Ajustements à la frontière pour le carbone : les implications pour les entreprises

L’adoption d’ajustements à la frontière pour le carbone amènera les CPA à offrir des conseils sur les nouvelles politiques. Ils seront appelés à guider leurs organisations et leurs clients vers des modèles d’affaires à faibles émissions.

Introduction 

Dans une loi adoptée en 2021, le Canada s’est engagé à atteindre la carboneutralité d’ici 2050, ce qui nécessitera une réduction importante des émissions de gaz à effet de serre (GES). Pour que cet objectif puisse être atteint, il faudra tenir compte des émissions de GES dans nos décisions quotidiennes de consommation et de production. Pour ce faire, un prix sur les émissions, exprimé en unités de carbone, a été fixé et mis en œuvre dans l’ensemble du Canada. Le gouvernement fédéral a l’intention d’augmenter ce prix annuellement au cours des prochaines années.

Alors que la plupart des pays industrialisés adoptent des mécanismes de tarification du carbone, nos principaux partenaires commerciaux ont été moins ambitieux sur le plan environnemental, s’appuyant jusqu’à maintenant sur une tarification du carbone inférieure ou inexistante. Les différences de prix des biens entre les territoires, selon qu’ils se sont dotés ou non d’une tarification du carbone, peuvent poser problème. Il en résulte une plus grande incertitude quant à la réduction des émissions de GES à l’échelle mondiale et de nouveaux déséquilibres de coûts entre partenaires commerciaux. 

C’est dans le but d’« égaliser » les prix du carbone que les décideurs politiques ont adopté les ajustements à la frontière pour le carbone (AFC). L’Union européenne prévoit d’intégrer progressivement, à compter de 2023, sa propre version des AFC, qu’elle appelle mécanisme d’ajustement carbone aux frontières. Le Canada tient quant à lui des consultations et réfléchit à la façon de mettre en œuvre des AFC. Dans le présent rapport :  

  • nous présenterons une introduction générale sur la tarification du carbone au Canada;
  • nous expliquerons l’importance d’équilibrer les prix du carbone;
  • nous définirons les ajustements à la frontière pour le carbone;
  • nous décrirons les incidences des ajustements à la frontière pour le carbone sur les entreprises et les comptables.

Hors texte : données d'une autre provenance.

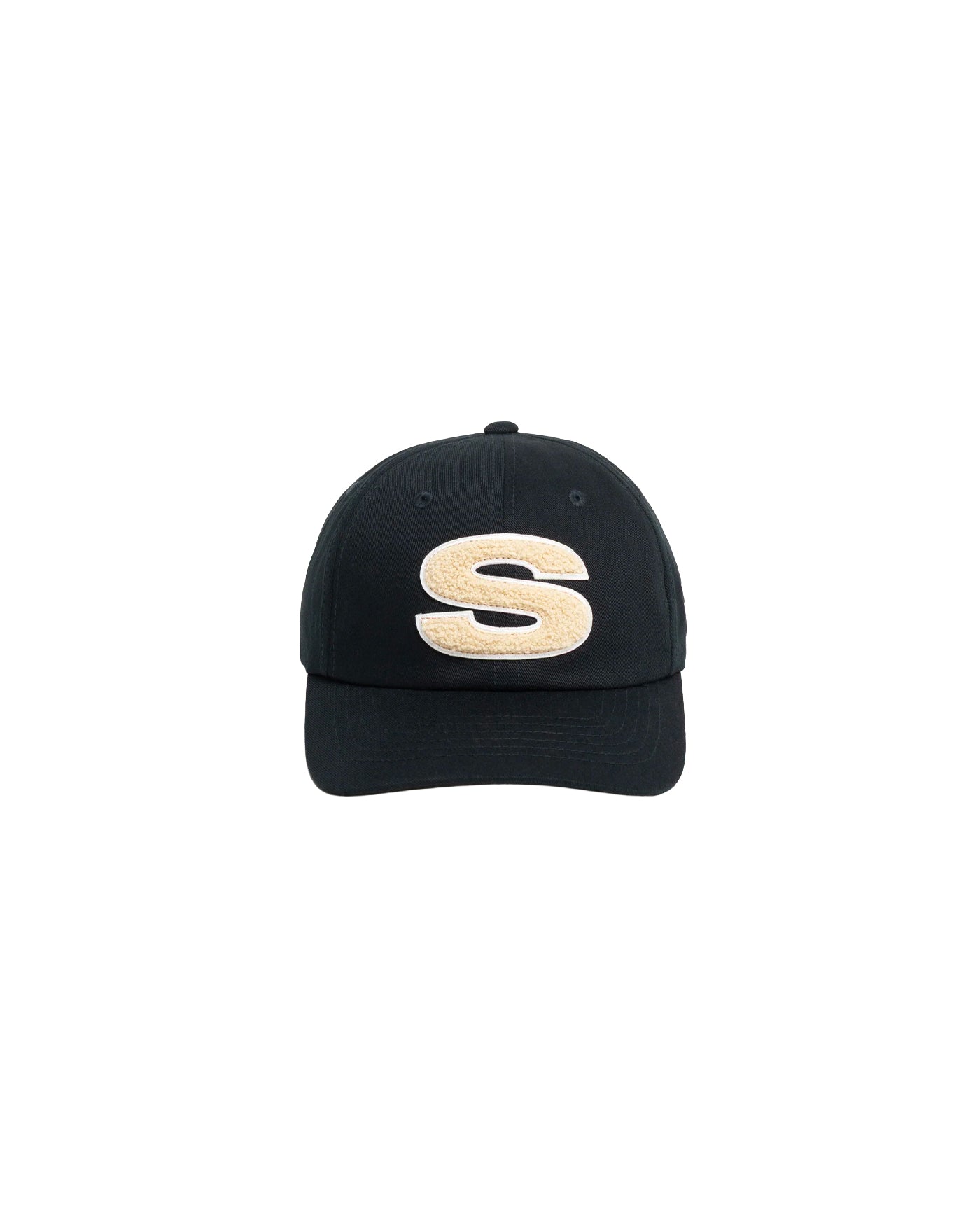 Casquette Stüssy Low Pro Chenille Shadow noire logo S beige face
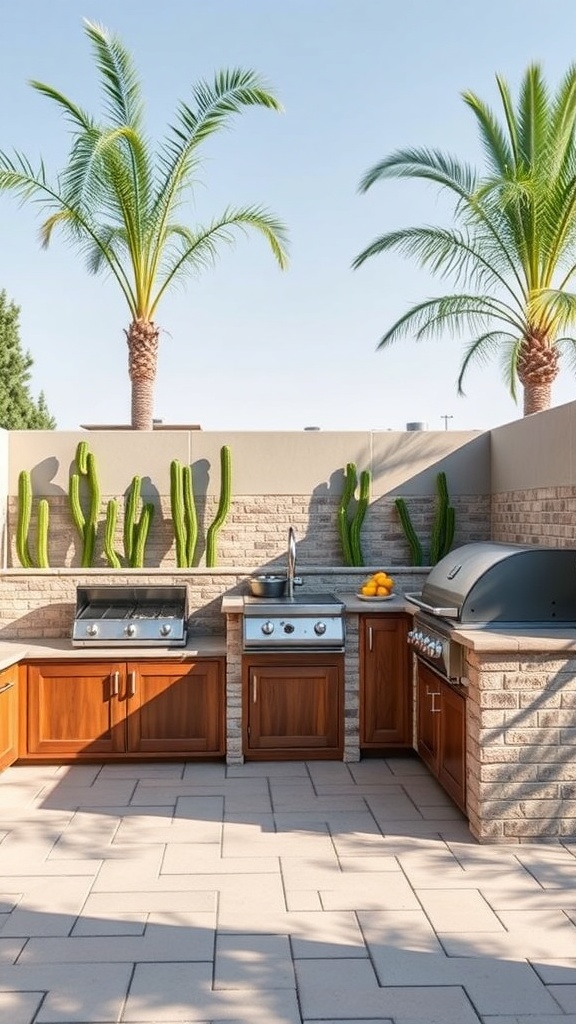 A stylish outdoor kitchen with wooden cabinets, a grill, and palm trees in the background.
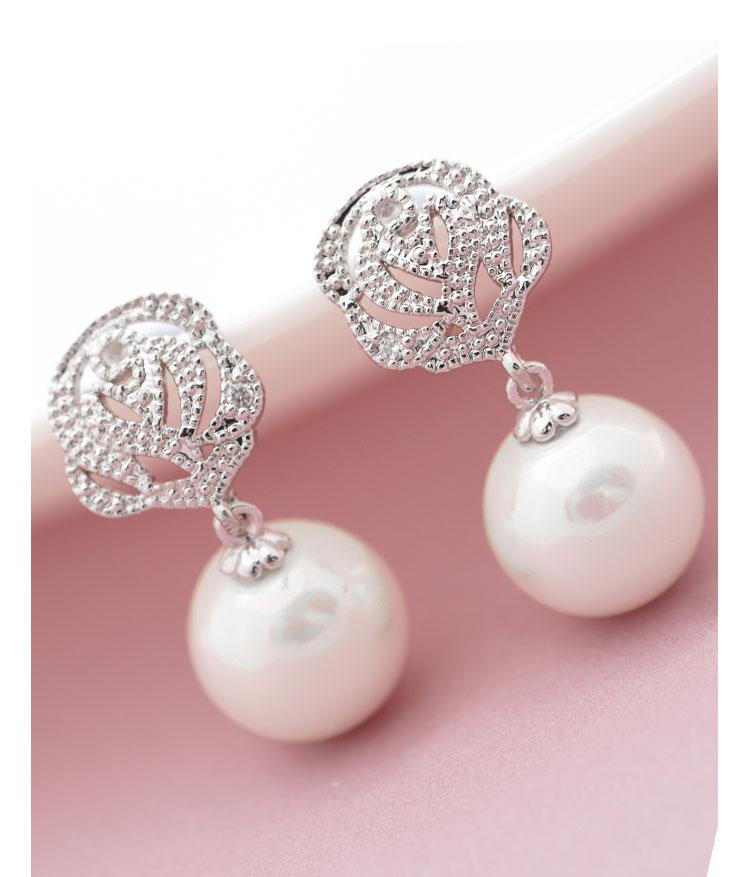 Special price rose pearl Pendant Earring clip European and American earless female transparent silicone cushion - dianjiang-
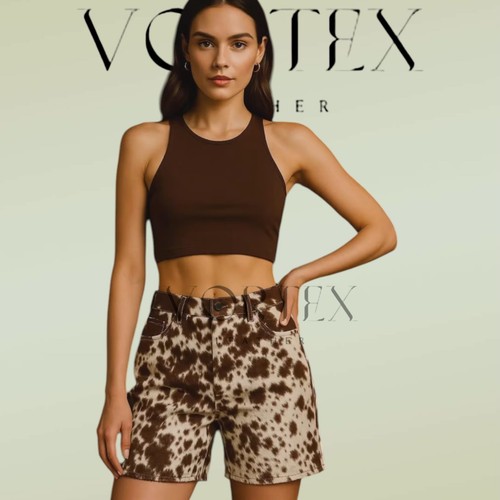 Women brown white cowhide - &,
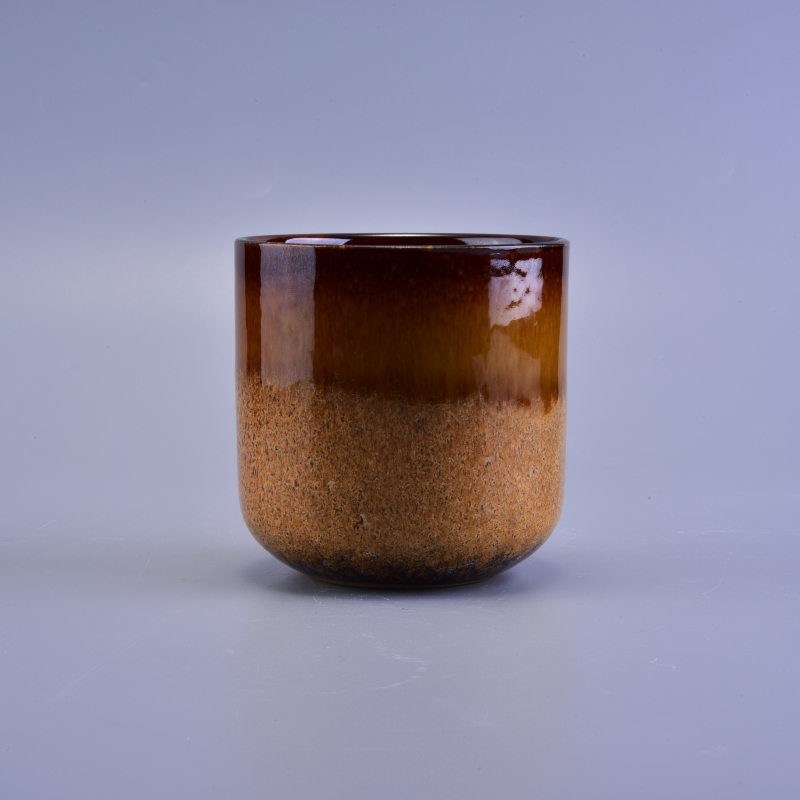 Copper glazed ceramic candle making jar with 380ml for wholesale Copper glazed ceramic candle making jar with 380ml for wholesale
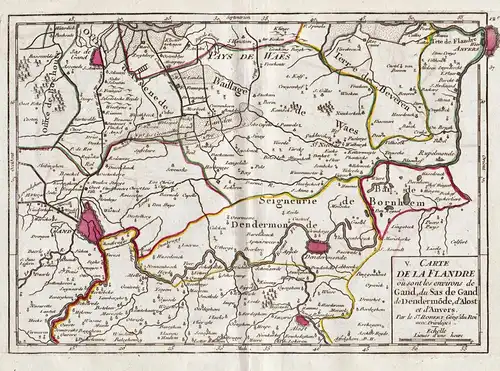 Carte de la Flandre ou sont les Environs de Gand, du Sas de Gand, de Dendermonde, d'Alost et d'Anvers - Vlaand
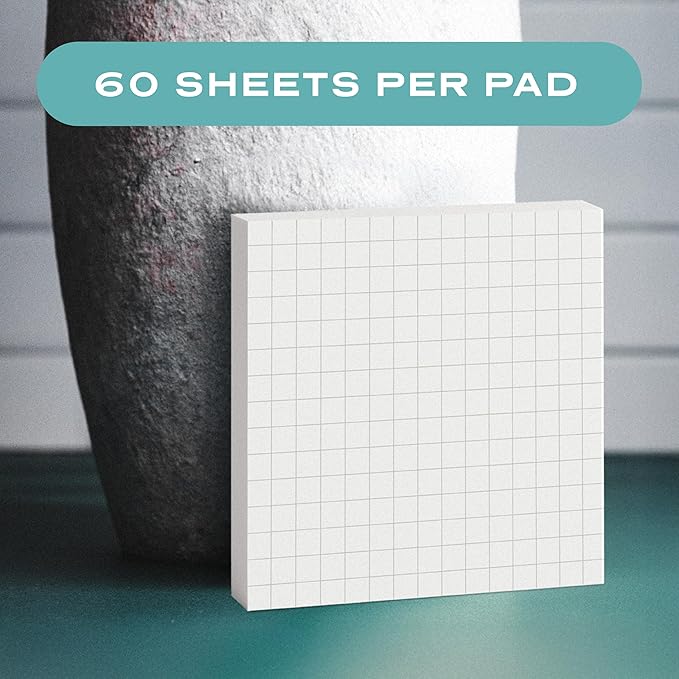 Sticky Notes Graph Paper 12pk | 3x3 Inch Small Self Stick Notepads for Desk and School Supplies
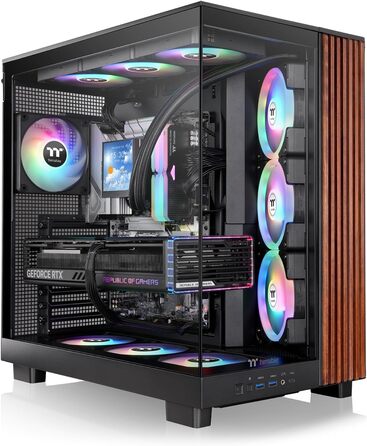 Корпус Thermaltake View 380 XL WS Black (Wood Style) | ATX Mid-Tower з RGB підсвічуванням | Подвійна камера, прихований з'єднувач, встановлений RGB вентилятор, тиха система охолодження, підтримка радіатора 360 мм, дерев'яні акценти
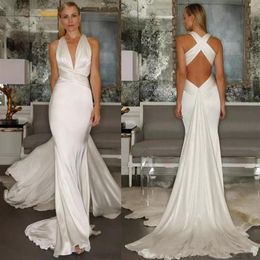Sexy Beach Mermaid Wedding Dresses with Ribbon Cross Back Simple Chiffon Stain V Neck Ruched Sleeveless Summer Holiday Bridal Gown234C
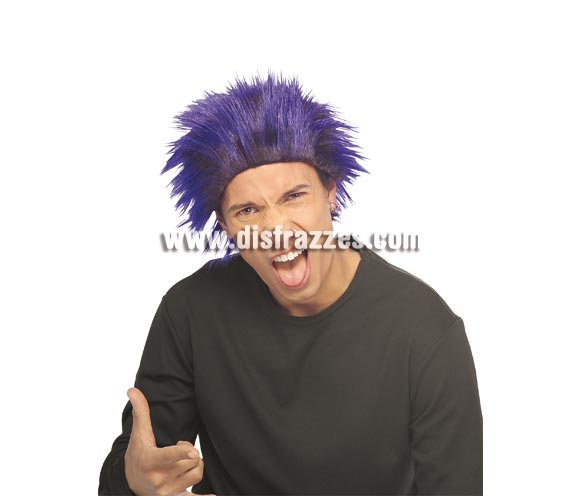 Peluca de Troll de color azul para adultos.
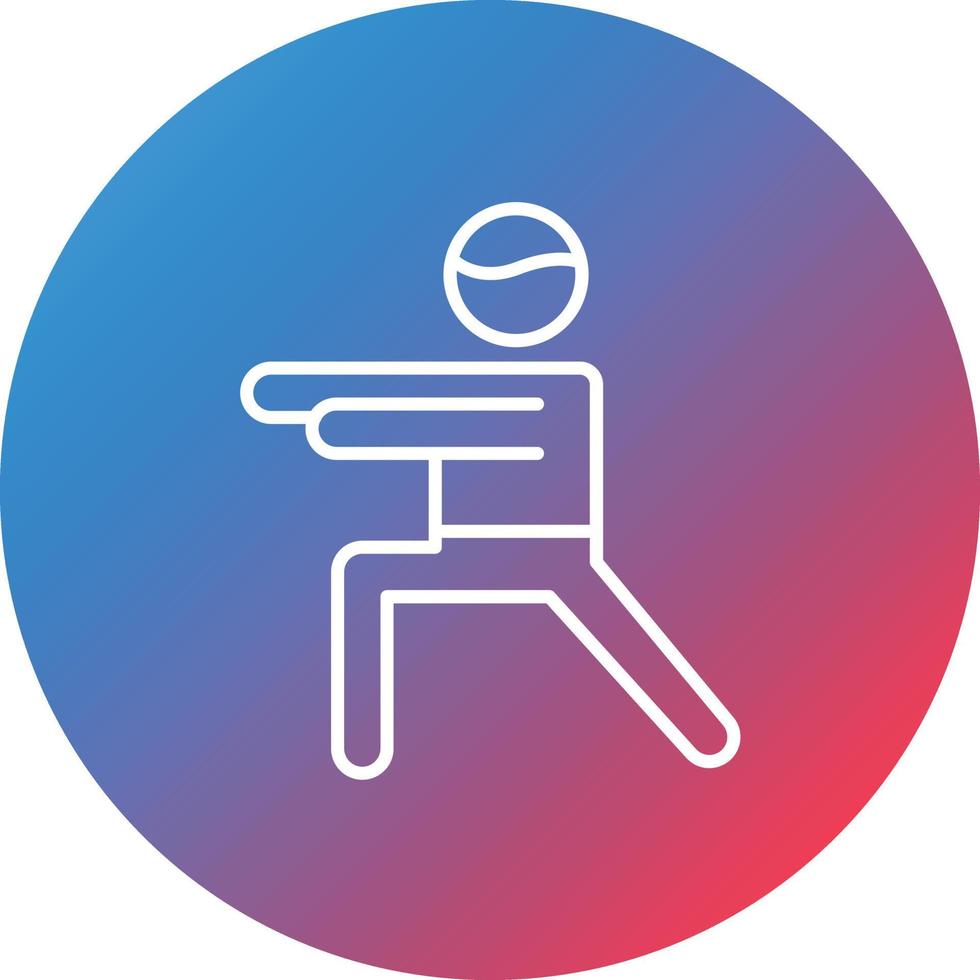 Warrior Pose Line Gradient Circle Background Icon vector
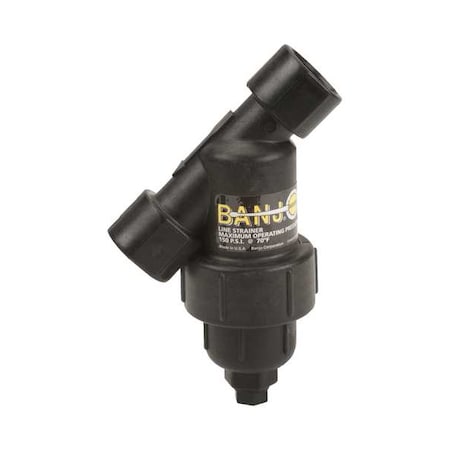 Y Strainer, 3/4" Pipe, FNPT x FNPT, Polypropylene, 150 psi
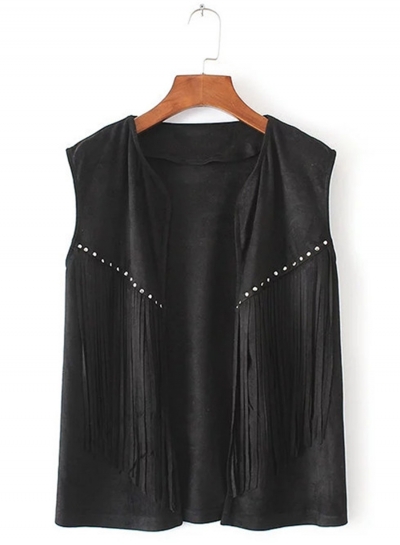 Women's Fashion Open Front Suede Sleeveless Rivets Tassels Vest lonhooker.com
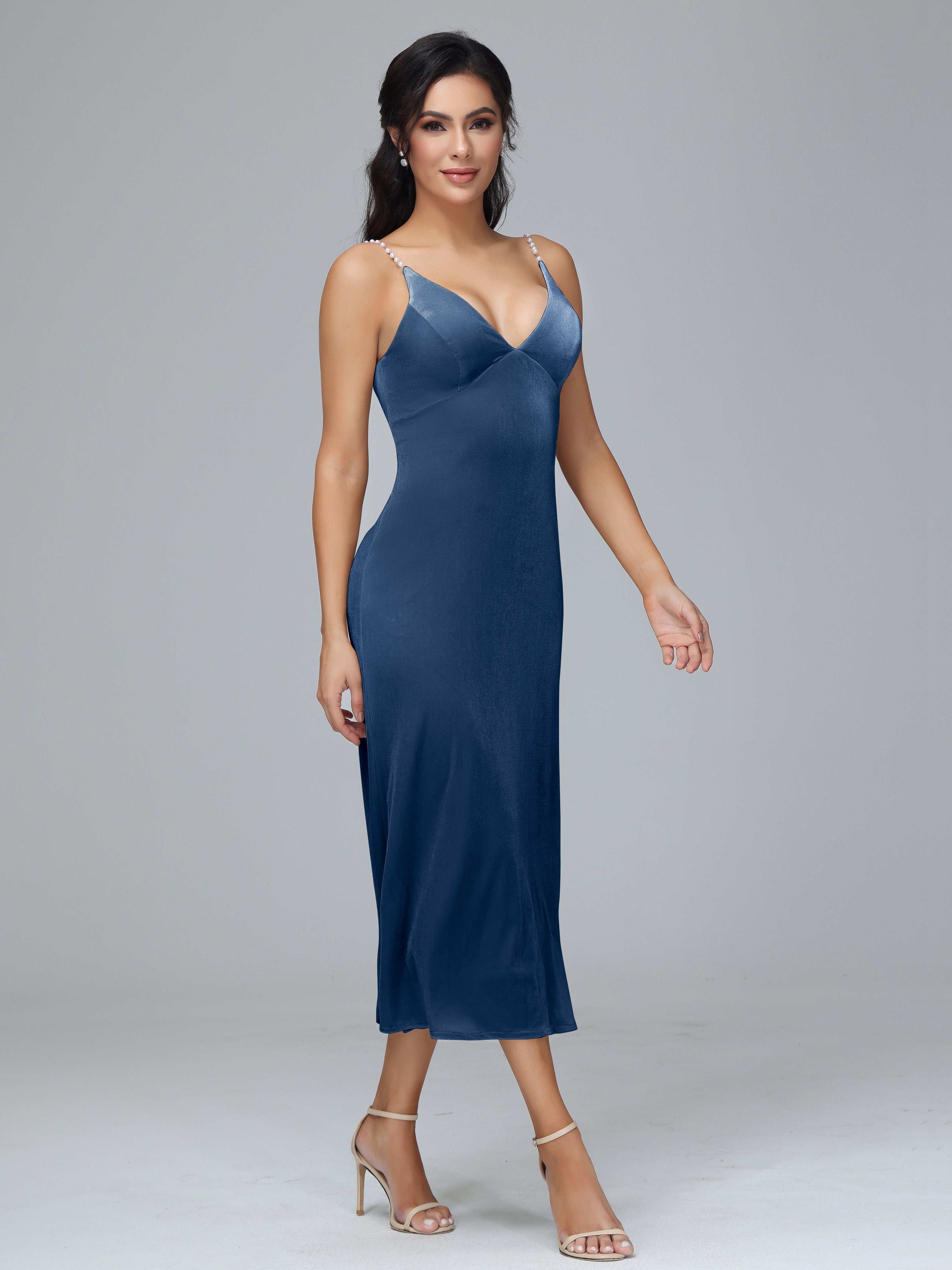 Spaghetti Straps V-Neck Tea Length Plus Size Bridesmaid Dresses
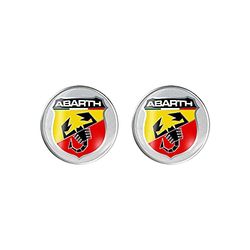 Abarth 4R Quattroerre.it 21535 Pegatina 3D Oficial, Escudo, Diámetro 12 mm, Paquete de 2 Piezas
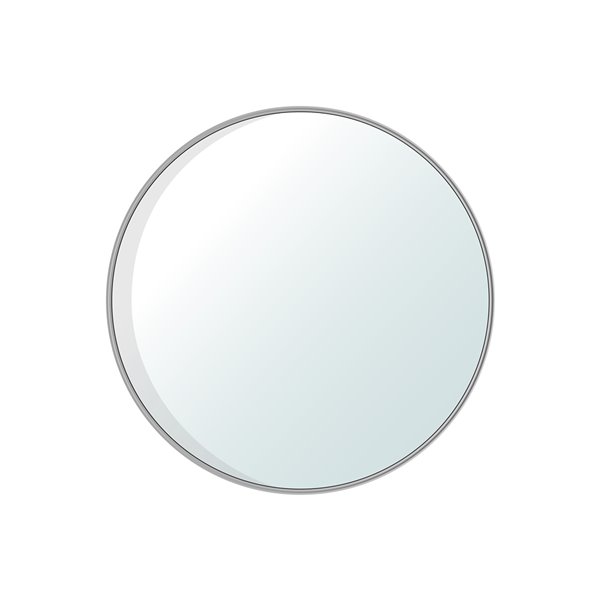 Miroir décoratif rond Dex de Jade Bath, 47,24 po x 47,24 po, chrome poli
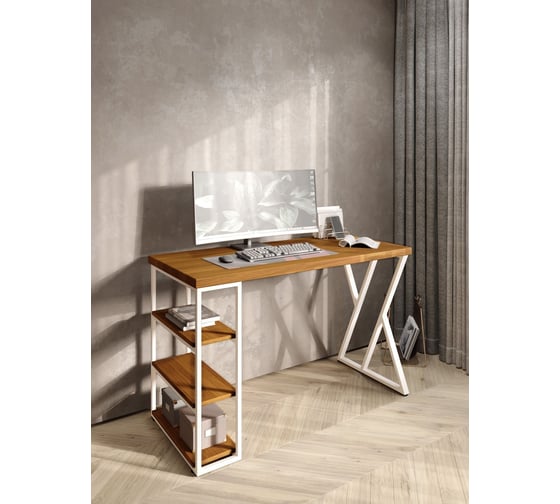 Стол письменный Solarius Loft, 90x60x76.5 см, открытая тумба с тремя полками, компьютерный стол цвета ольхи с белыми металлическими Z-образными ножками stol-tumba-3polki-olha-9060-Z-white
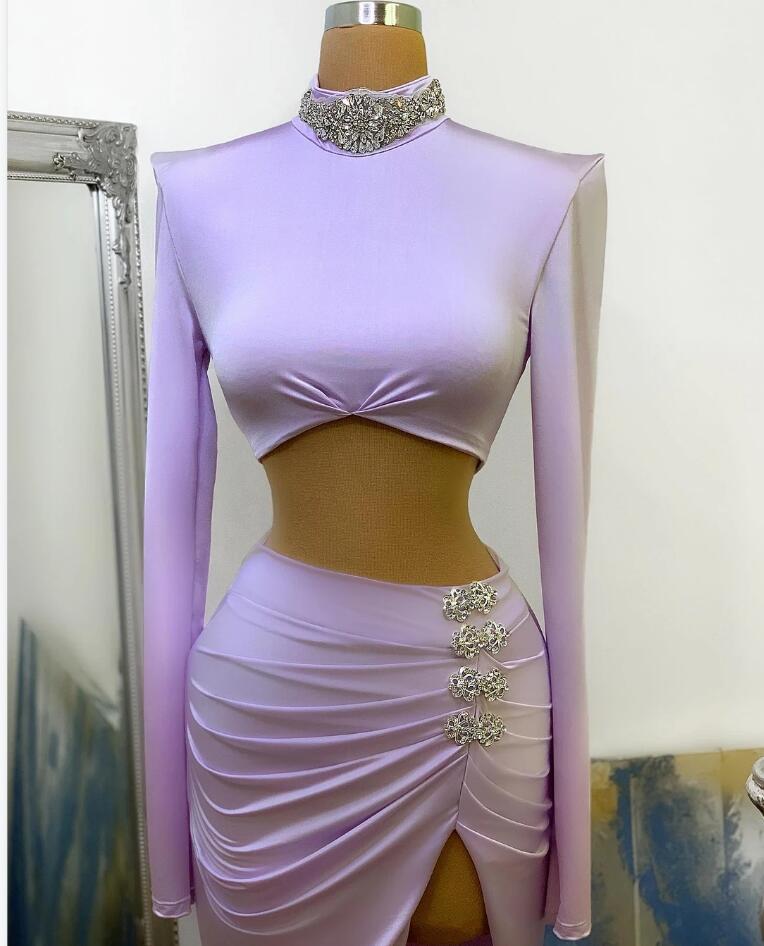 Robe de bal longue deux pièces sirène à col montant fendue et manches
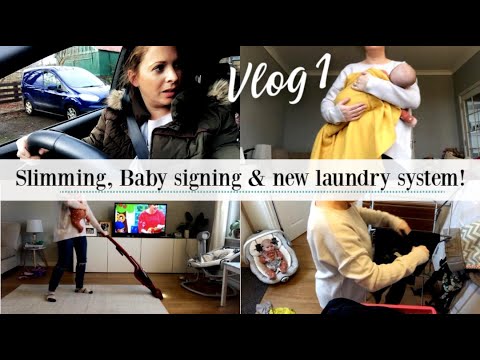 Day in the life, UK mum of three | Vlog 1 | Slimming world , baby signing & new laundry system.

La tarification du carbone au Canada

Le Canada a mis en œuvre une approche souple en matière de tarification du carbone selon laquelle les provinces et les territoires peuvent concevoir leur propre régime de tarification, à condition que celui-ci respecte le seuil minimal fédéral. Les systèmes de tarification mis en place au Canada couvrent les émissions provenant des carburants et les émissions provenant des grands émetteurs industriels au moyen de taxes ou de redevances sur le carbone ou de systèmes d’échange de droits d’émission. 

Il existe deux types de systèmes d’échange de droits d’émission : les systèmes de tarification fondés sur le rendement et les systèmes de plafonnement et d’échange de droits d’émission. Les premiers reposent sur un prix fixe du carbone, tandis que les seconds sont basés sur un niveau fixe d’émissions totales. Dans le cadre de ces systèmes, les grands émetteurs ou fournisseurs de carburant doivent compenser leurs émissions en achetant ou en vendant des crédits d’émission en fonction de leur performance environnementale. Ces systèmes d’échange de droits d’émission prévoient généralement des niveaux intégrés d’émissions pour lesquels les secteurs d’activité n’ont pas à payer (c’est-à-dire des émissions exemptées ou exonérées) qui peuvent différer d’un pays à l’autre.

Cette approche souple a donné lieu à un contexte complexe de tarification du carbone au Canada, tant en ce qui concerne le choix du système de tarification que la portée de la tarification.

  • Certaines provinces et certains territoires ont des taxes uniques sur le carbone, plusieurs ont des systèmes de plafonnement et d’échange, et d’autres ont des taxes sur les carburants et des systèmes de tarification fondés sur le rendement. 
  • Certaines provinces et certains territoires s’appuient entièrement sur leur système provincial ou territorial, d’autres comptent en partie sur le modèle fédéral de tarification du carbone (que ce soit pour les taxes sur les carburants ou les systèmes de tarification fondés sur le rendement), et d’autres encore s’appuient entièrement sur le modèle fédéral de tarification.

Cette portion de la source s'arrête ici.